Three remarkable neoclassical pieces to prepare you for the weekend

Ron Verboom – “Nothing more nothing less”
-I’m not much for experimental elements in neoclassical music, so for me to approve it there must be something truly remarkable about it. When I first heard the atmospheric elements of Verboom’s latest track, I felt like I’d been taken to a different place. The composition has staccato high notes that offer a dreamlike sense to them. Combined with the hypnotic lower chords, the piece feels like it was intended to create space for the mind to wander. This is worth your consideration.

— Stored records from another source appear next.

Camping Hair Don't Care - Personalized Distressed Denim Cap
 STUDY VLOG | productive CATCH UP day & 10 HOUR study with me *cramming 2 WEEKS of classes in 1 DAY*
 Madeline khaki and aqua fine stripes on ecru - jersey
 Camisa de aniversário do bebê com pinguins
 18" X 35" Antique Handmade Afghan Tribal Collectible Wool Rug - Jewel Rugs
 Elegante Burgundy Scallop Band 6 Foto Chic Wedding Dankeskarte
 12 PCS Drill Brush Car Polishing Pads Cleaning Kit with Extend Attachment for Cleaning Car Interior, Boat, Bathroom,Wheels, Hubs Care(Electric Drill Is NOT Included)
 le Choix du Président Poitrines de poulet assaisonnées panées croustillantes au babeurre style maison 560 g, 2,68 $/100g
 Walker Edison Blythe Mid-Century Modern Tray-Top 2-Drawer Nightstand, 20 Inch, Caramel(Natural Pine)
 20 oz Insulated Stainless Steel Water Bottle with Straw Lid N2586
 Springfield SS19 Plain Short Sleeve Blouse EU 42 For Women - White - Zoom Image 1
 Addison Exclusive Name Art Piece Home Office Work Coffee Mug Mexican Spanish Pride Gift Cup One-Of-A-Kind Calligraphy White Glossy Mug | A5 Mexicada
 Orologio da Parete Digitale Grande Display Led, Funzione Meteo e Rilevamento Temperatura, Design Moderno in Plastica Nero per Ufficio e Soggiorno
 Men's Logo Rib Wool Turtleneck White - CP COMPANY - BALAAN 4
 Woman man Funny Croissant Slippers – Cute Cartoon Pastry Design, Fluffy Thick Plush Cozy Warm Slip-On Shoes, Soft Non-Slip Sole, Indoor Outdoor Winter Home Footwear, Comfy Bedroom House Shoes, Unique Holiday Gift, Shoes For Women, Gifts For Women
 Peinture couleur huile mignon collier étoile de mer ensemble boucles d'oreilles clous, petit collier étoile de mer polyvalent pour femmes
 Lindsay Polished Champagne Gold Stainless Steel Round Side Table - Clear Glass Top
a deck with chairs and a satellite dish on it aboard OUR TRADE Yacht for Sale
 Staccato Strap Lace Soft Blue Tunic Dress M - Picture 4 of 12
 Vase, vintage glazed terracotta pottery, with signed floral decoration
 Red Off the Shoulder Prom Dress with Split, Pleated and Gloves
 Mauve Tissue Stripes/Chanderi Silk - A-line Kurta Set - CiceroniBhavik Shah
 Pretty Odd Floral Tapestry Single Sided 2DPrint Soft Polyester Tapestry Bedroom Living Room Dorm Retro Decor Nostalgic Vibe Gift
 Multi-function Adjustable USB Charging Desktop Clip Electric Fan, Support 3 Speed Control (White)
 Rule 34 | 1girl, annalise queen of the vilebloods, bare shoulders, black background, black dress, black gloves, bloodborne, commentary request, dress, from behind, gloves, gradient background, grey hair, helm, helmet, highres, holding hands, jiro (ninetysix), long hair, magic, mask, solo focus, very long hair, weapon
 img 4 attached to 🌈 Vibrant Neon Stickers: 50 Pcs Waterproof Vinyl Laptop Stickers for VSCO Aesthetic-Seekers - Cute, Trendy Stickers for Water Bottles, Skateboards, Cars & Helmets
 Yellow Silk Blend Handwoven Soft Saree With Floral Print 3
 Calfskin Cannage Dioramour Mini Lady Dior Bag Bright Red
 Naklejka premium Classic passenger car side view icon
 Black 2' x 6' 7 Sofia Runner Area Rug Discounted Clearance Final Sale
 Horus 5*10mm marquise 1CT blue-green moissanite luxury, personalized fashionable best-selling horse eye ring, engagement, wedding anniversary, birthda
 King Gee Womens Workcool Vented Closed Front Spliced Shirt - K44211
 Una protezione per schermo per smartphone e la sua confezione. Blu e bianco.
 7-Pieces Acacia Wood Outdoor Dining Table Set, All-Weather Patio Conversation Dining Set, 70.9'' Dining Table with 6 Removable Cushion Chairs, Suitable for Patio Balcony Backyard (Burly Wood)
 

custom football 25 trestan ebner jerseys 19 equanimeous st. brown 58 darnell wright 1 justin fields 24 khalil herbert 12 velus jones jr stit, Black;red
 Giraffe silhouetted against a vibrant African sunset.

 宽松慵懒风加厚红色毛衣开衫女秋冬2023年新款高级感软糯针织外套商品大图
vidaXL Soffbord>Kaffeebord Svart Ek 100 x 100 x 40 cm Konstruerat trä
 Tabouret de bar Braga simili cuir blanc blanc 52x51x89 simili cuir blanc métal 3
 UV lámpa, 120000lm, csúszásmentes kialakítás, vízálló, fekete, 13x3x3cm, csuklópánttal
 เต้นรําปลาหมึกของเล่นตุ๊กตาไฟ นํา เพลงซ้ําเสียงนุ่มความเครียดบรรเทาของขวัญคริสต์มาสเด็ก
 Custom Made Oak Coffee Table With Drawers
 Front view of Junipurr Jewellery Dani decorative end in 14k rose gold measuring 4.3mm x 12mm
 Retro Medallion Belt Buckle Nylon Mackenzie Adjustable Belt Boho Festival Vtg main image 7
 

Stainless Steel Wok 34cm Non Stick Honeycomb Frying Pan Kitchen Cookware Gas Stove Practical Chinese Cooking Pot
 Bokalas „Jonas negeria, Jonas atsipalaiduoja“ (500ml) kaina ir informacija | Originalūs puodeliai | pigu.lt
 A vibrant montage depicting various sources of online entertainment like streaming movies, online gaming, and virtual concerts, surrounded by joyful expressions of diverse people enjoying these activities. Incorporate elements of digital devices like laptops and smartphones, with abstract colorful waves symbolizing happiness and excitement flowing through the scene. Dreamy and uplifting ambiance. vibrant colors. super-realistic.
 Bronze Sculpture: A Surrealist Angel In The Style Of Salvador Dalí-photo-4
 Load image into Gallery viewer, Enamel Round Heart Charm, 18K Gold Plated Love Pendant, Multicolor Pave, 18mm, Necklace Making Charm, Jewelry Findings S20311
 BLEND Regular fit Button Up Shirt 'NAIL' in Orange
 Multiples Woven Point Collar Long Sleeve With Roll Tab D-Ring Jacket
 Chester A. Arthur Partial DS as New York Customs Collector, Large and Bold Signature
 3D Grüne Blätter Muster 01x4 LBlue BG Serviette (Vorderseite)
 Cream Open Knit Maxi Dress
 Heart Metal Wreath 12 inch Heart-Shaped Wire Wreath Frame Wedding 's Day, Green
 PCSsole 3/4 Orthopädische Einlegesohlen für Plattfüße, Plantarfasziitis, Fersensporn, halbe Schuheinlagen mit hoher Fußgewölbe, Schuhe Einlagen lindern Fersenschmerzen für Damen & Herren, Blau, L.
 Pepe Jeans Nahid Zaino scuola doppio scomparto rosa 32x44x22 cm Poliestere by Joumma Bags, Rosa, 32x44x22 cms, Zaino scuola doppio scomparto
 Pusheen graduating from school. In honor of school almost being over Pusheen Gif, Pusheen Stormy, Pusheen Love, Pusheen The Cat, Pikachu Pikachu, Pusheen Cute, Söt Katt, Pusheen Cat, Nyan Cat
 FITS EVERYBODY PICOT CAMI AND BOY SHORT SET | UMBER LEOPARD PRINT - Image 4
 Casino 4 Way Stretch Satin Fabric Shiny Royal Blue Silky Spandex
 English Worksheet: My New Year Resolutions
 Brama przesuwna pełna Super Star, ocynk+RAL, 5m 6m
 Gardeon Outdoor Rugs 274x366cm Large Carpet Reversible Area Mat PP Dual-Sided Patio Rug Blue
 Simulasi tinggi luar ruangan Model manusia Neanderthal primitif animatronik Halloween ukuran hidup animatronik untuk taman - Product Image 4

Thomas Lemkuhler – “Virus”
-We’ve been adamant about avoiding music explicitly about *gestures at the world* things these days. That said, with this title, I almost said no thanks to the piece. I am so glad I listened to the power in these melodies. It’s a really beautiful piece of music that begins slow, thoughtful, and cerebral. It grows into a powerful piece with a persuasive, visceral sense of hope to it. As it returns to the familiar refrain of the opening, I can’t help but see a sort of allegory that some day life will return to a familiar tune. This soothes my soul.

Teesa D’agostino – “Waltz of Cecilia”
-I am sure there are some technical terms for what’s going on in this piece of music, but here’s what it sounds like to me. It’s heavenly. I adore the musicbox sentiment throughout the music. I am just blown away by how talented this composer is. There are elements of classical music, sure, but there’s this fresh originality to the composition that absolutely flies around the room out of the headphones. I don’t know how the opening can bring me close to the tears and the ending can put such a big smile on my face. Put this one on your neoclassical lists for sure.